I must say that I find the logic of this passage difficult to fathom. It seems to me likely that many ISPs (including the Claimant) will arrive in open conditions without having convinced Offender Managers and others who assess risk that their risk to the public has been reduced to medium or lower; and it will only be when their progress has been tested by ROTLs (including ROR) that they will be in a position to persuade them that their risk has fallen below high. The difference between ISPs and determinate sentence prisoners is that the latter have an additional factor in the risk analysis which may need testing by exposure to the community by way of ROR, namely that, at the end of their fixed term of imprisonment, they must be released whatever their continuing risk to the public might be. But that is a different issue.

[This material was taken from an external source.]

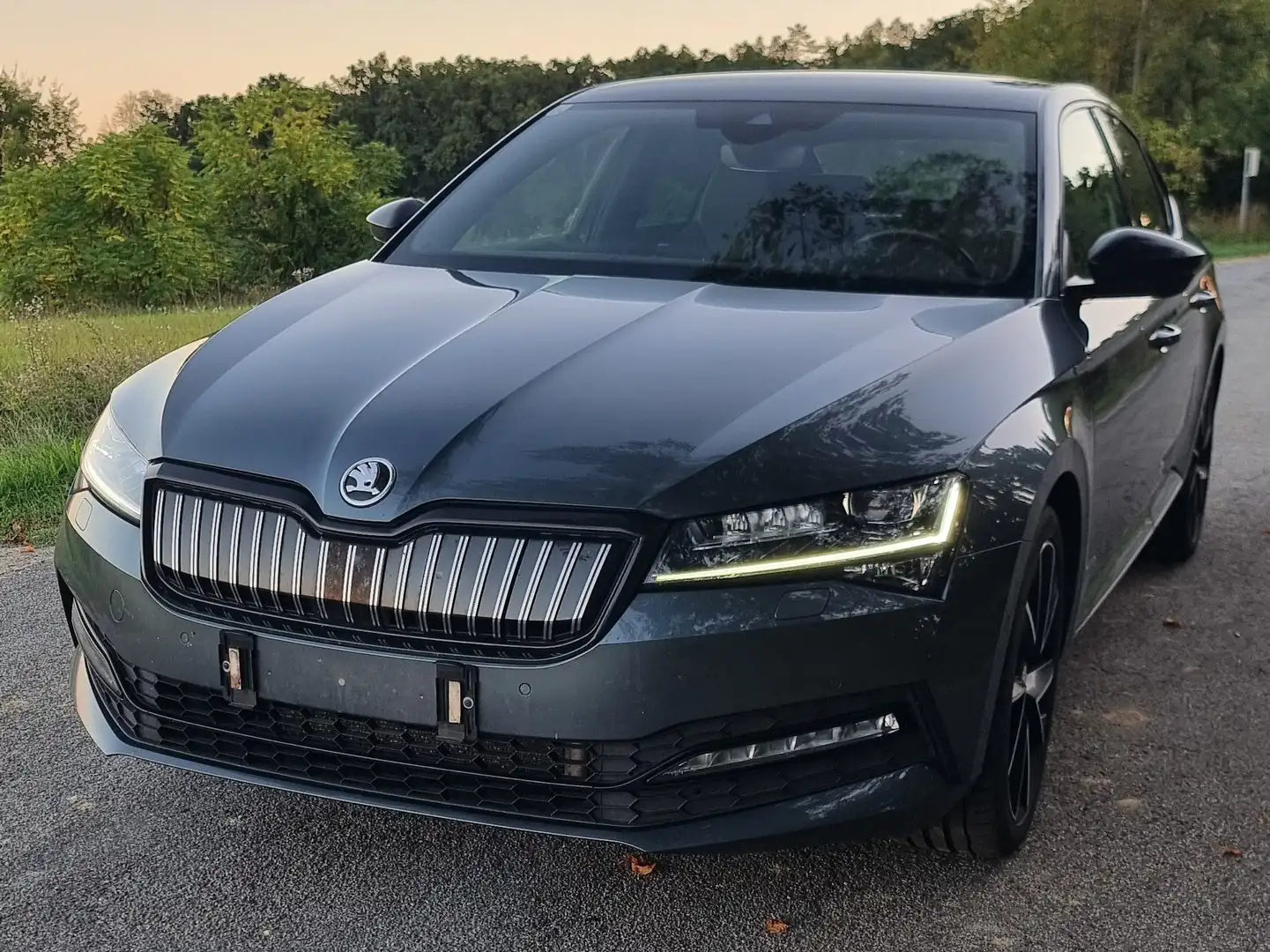 Skoda Superb iv Sportline Limousine Szary - 1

However, in my view, any reservations about that policy are not material in this case. The short answer to this ground is the same as that in respect of the claim of sex discrimination: I have found that there was no shortage of APs places as a result of a lack of provision of systems or resources or otherwise; and, in any event, there is certainly no evidence that the Claimant suffered as a result of any discrimination, direct or indirect, in favour of determinate sentence prisoners.
That answer – which is determinative of this claim – should not be allowed to detract from two other defences to this claim, upon which Mr Pritchard relied.
First, although Lords Mance and Hughes in Haney SC (at [53]) considered there might be some force in the submission that the differences between prisoners might represent a relevant difference in status for the purposes of article 14 – and, when Clift went to Strasbourg, the ECtHR in Clift v United Kingdom (Application No 7205/07) found that there was a relevant difference between prisoners serving determinate sentences of over 15 years and life prisoners as a difference in status – this court remains bound by the House of Lords decision in R (Clift) v Secretary of State for the Home Department [2006] UKHL 54 that being an ISP is not an “other status” for the purposes of article 14.
Second, there is no basis for alleging any discrimination between ISPs and determinate sentence prisoners, because, as I have indicated, there is an obvious relevant difference between the categories: ISPs are only released from prison once their risks have been sufficiently reduced to an acceptable level, whereas prisoners serving determinative sentences will be immediately released upon expiry of their term. Even if, contrary to my view, there is some discrimination, for those reasons, it is clearly justified and within the wide margin of appreciation of the State.
Consequently, these grounds too fail.
Conclusion
For the reasons I have given, none of the grounds relied upon by the Claimant succeeds. This claim is dismissed.